Comme le raconte le metteur en scène Newton I. Aduaka, le projet d'Ezra est né en 2004: "J'étais en train d'écrire ce qui devait être mon second long-métrage, un projet intitulé Waiting for an Angel, qui avait pour toile de fond la pire dictature qu'ait connue le Nigeria, celle du général Sani Abacha. C'est à cette époque qu'avec Arnaud Louvet de l'Unité Fiction d'ARTE, nous avons parlé d'un film sur des enfants soldats. L'idée puis l'histoire sont nées à partir d'un énorme travail de recherche. J'ai travaillé avec Alain-Michel Blanc, qui avait remporté le César du meilleur scénario pour Va, vis et deviens".
Le réalisateur Newton I. Aduaka s'est inspiré de son propre parcours pour Ezra, puisque lui-même a connu les conflits armés très jeune: "Je suis un enfant de la guerre. Je suis né au Biafra, un pays qui n'a existé que trois ans sur la carte du monde, et dont l'histoire a par conséquent été oubliée. Pendant ces trois années, plus d'un million de Biafrais sont morts dans une guerre très brutale, que j'ai vécue lorsque j'étais enfant. Je savais que cela faisait partie de mon histoire, de ce que je suis devenu. Mais je ne pensais pas que c'était encore si concret en moi, et je m'en suis rendu compte en revenant de mes premiers repérages en Sierra Leone, où j'avais rencontré des enfants qui étaient passés par l'enfer, des enfants qui avaient mené une guerre dont ils ne savaient rien, hormis les mensonges qu'on leur avait racontés. Nous avons parlé à beaucoup de gens, des psychiatres, des avocats d'un tribunal spécial des Nations Unies, des éducateurs... Mais le seul fait que ces enfants aient eu à rencontrer les forces les plus sombres de la vie me touchait. Et je sais que cette rencontre les hantera toute leur vie et restera à jamais une part de ce qu'ils sont. Certains de ces enfants ont été enlevés à quatre ans. Ceux que j'ai vus étaient suivis en psychothérapie pendant quatre à six mois seulement. Ensuite, on leur apprend à fabriquer du savon ou à se servir d'une machine à coudre, et puis on les lâche dans la nature. Voilà tout ce que font l'ONU et les ONG. Ces enfants ont connu l'enfer pour valoriser le prix des diamants, de l'huile, pour permettre à Wall Street de se maintenir à fl ot. Tout cela m'affecte profondément, et c'est ce qui a nourri Ezra. Le reste, c'est du cinéma".

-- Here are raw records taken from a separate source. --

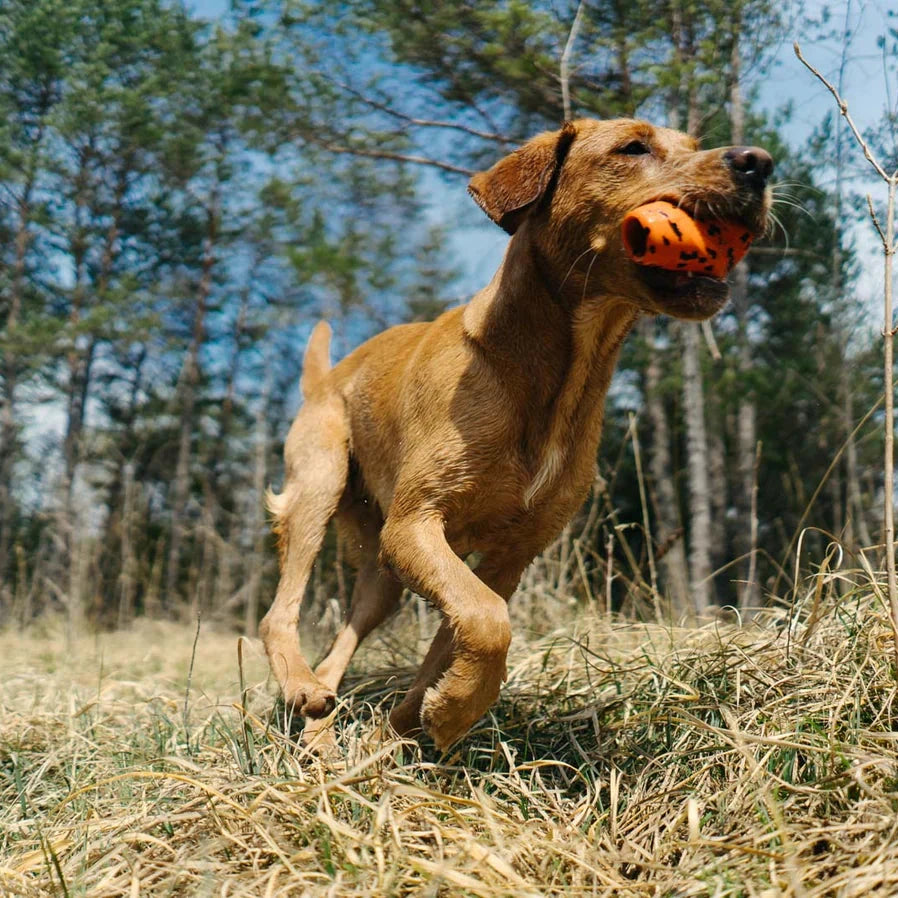 Dog running outdoors with an orange ball in its mouth, surrounded by trees and grass.
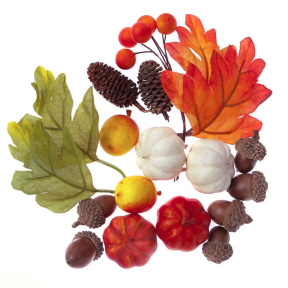 Elemente decorative, 19 buc., toamnă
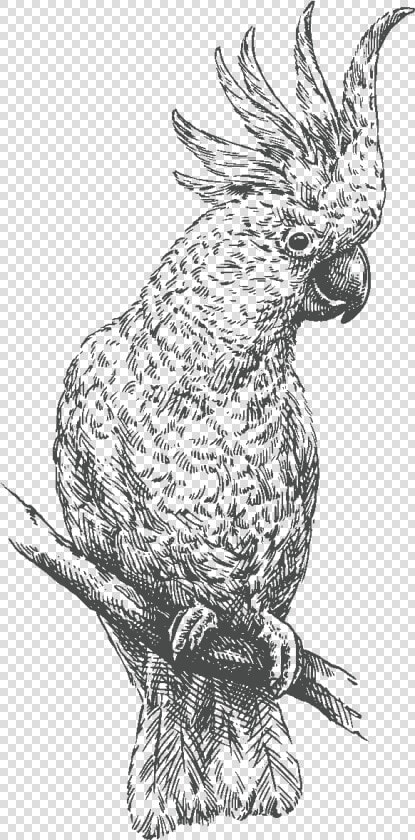 Pappagallo Incisioni Bianco E Nero Volatili  HD Png DownloadTransparent PNG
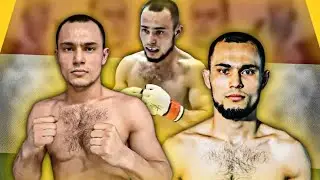 Чемпионат  Московской области по ММА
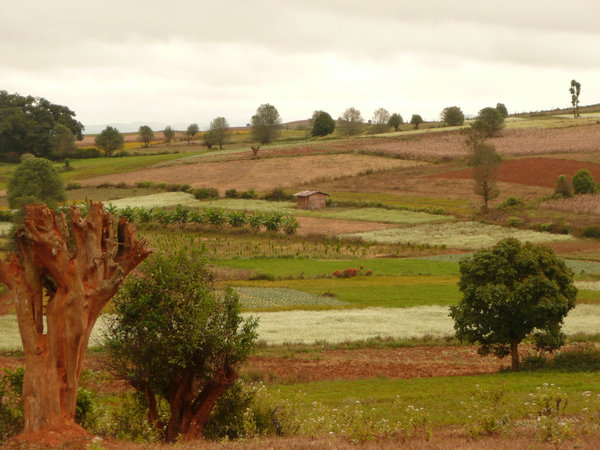 kalaw landscape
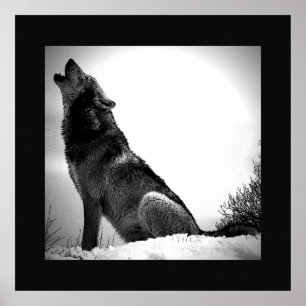 Lobo Negro e Branco Howling na Lua Poster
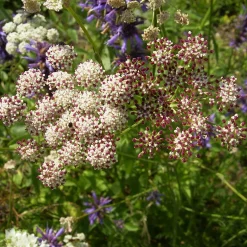 Stauden * Staudengärtnerei Gaissmayer Stauden für (Wild-)Bienen und Schmetterlinge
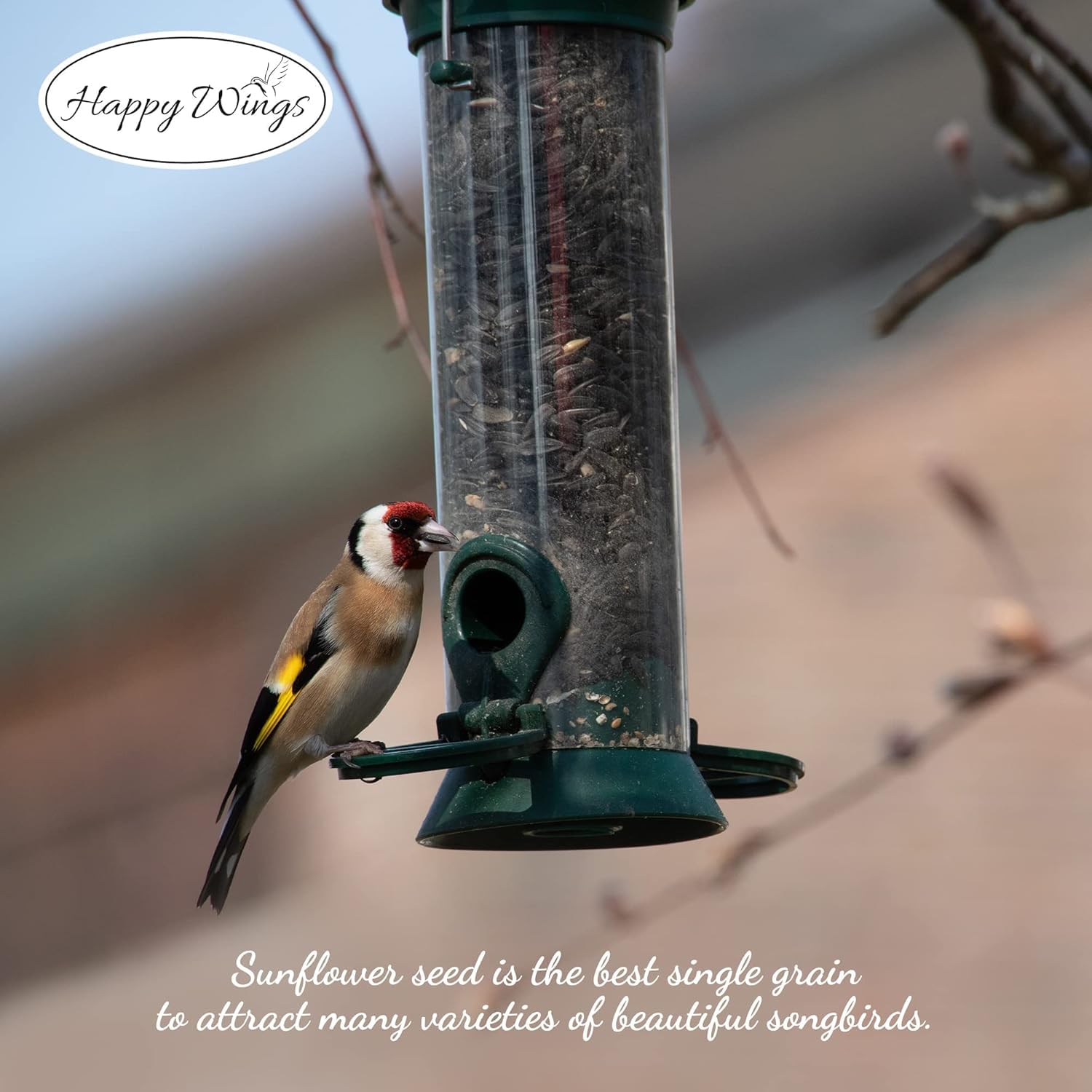 Happy Wings bulk seeds attract varied backyard birds during all seasons.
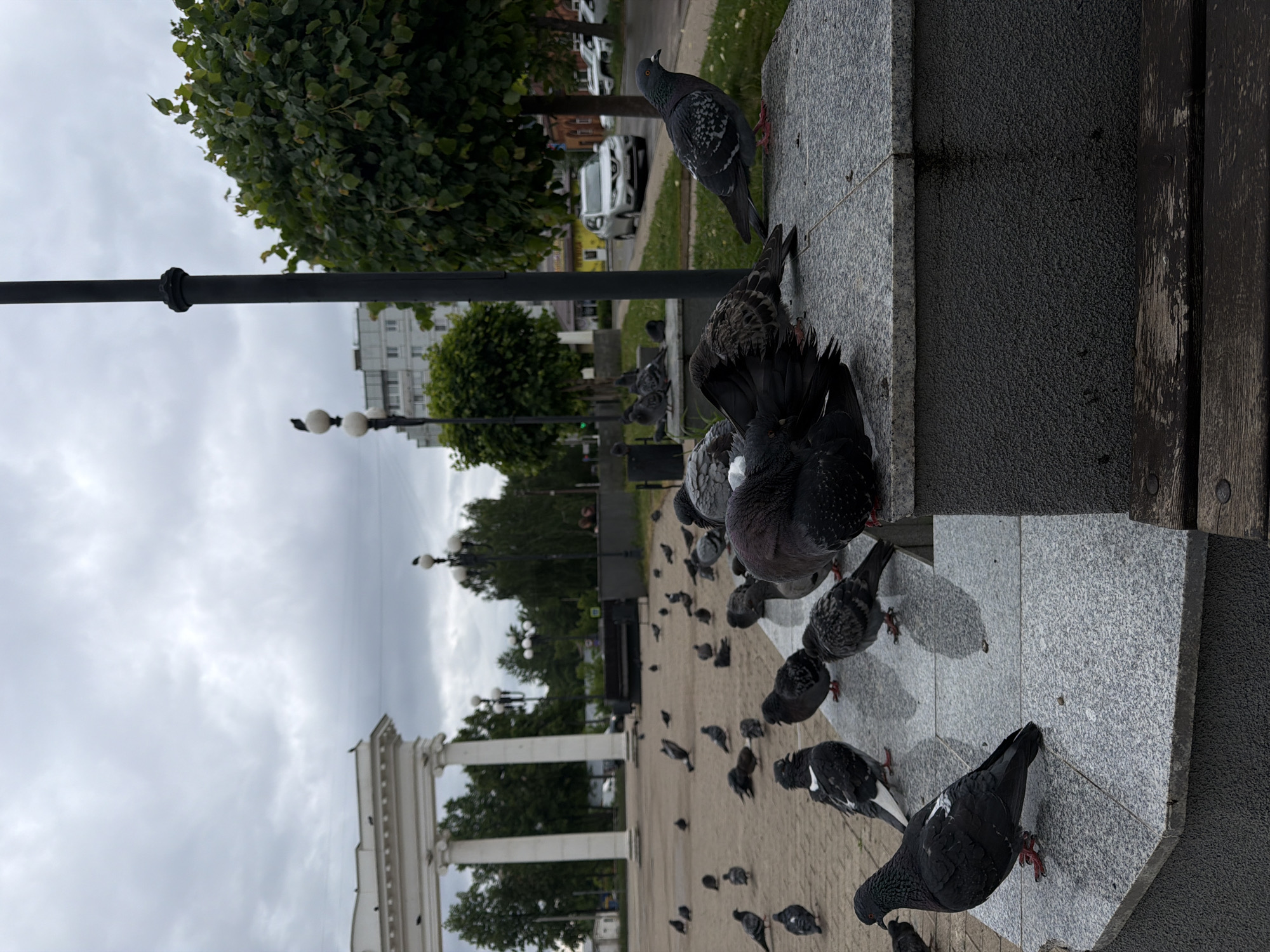 The image depicts a group of pigeons congregating in a public space in Chaikovsky, Russia. They are on and around a granite or stone structure, possibly the base of a monument or building. In the background, there's a park or public garden with trees, streetlights, and a white colonnade structure in the distance. A street with cars can also be seen in the far background. The sky is overcast.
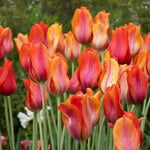  Tulip 'El Niño'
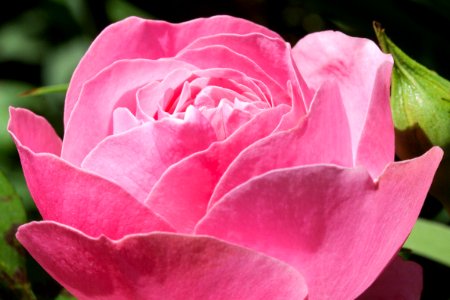 Pink Rose Bloom photo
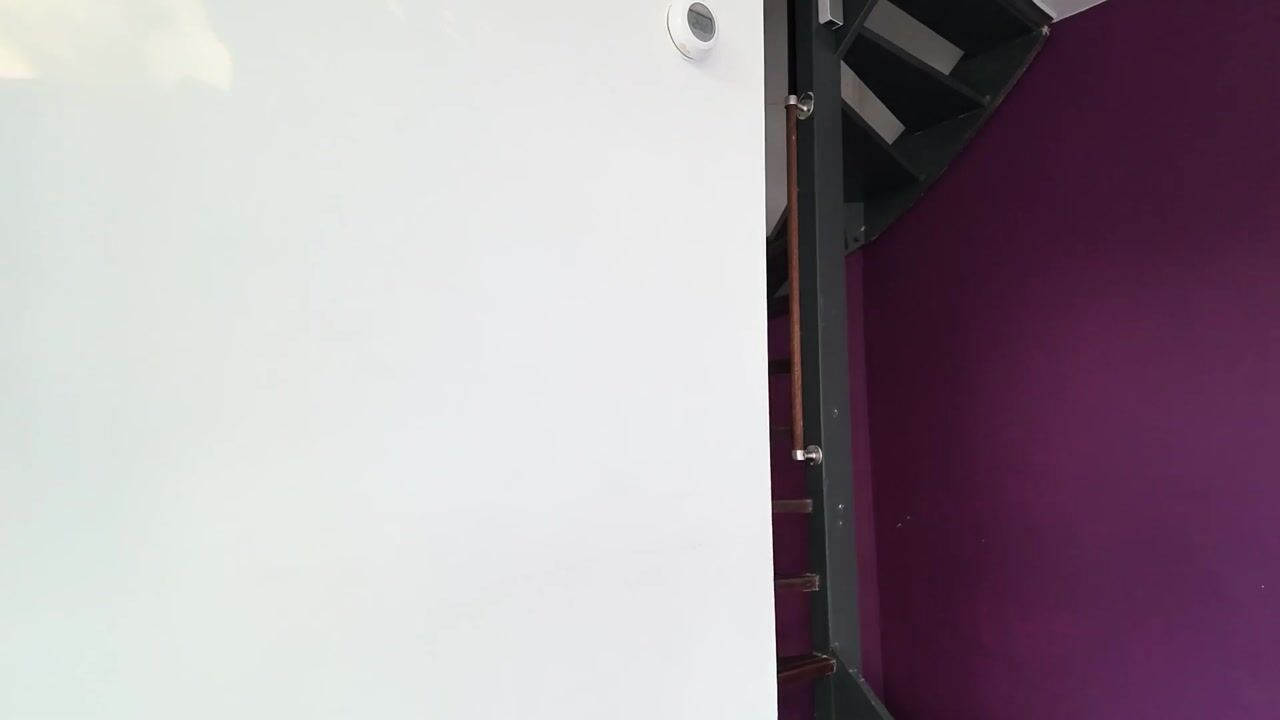 Video van Zwanenveld 4360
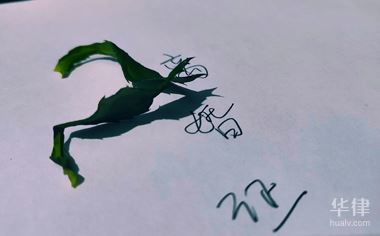 如果老公和别人同居了怎么办？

À travers le personnage d'Ezra, le réalisateur parle de la confusion du présent et du difficile travail de la mémoire: "Je suis fasciné par la mémoire. Comment elle fonctionne, comment elle oublie ou se souvient, ses différentes strates, comment nous la reconstruisons, consciemment ou non, comment nous nous arrangeons avec elle. Ezra est porteur de tout cela. Sur un plan symbolique, je crois qu'Ezra, c'est nous. Tout le monde. Nous avons tous été effrayés par la violence institutionnalisée, drogués par les médias trop peureux. Comme Ezra, nous avons tous été trompés. Oui, Ezra est semblable à toute une génération d'enfants qui, comme lui, ont pris conscience que pendant qu'ils mourraient de faim ou à la guerre, une poignée de gens avides en profitait. Et ce qu'il y a d'ironique, c'est qu'ensuite, ce sont les mêmes gens, à travers leurs institutions, qui viennent les juger... Les guerres dans le monde peuvent être évitées, mais seulement si toutes les vies valent le même prix".